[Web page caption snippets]

[Start of section]

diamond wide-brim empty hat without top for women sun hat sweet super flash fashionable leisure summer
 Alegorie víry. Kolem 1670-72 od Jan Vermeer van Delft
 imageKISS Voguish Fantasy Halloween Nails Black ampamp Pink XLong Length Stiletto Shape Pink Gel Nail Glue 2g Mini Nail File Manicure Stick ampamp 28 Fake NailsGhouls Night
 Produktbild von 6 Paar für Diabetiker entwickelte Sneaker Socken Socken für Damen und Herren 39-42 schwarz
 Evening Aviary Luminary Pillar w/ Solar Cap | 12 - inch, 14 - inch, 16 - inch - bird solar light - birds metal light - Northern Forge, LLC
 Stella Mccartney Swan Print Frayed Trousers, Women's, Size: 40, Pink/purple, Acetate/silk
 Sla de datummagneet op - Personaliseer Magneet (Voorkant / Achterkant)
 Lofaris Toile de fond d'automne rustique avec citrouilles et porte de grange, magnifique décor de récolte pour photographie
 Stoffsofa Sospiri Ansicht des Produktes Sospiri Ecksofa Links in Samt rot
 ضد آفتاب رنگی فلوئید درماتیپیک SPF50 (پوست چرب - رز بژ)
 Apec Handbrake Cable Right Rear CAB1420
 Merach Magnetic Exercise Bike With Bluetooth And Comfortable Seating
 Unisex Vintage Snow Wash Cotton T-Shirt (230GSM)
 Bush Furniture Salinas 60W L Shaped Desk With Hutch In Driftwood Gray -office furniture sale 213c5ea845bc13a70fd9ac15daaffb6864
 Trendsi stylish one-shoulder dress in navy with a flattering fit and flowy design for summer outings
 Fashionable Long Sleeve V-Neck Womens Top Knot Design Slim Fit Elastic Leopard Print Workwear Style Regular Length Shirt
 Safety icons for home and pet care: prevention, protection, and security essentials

[End of section]

Give the number of lines in the data that contain the string "summer" and nothing more.

2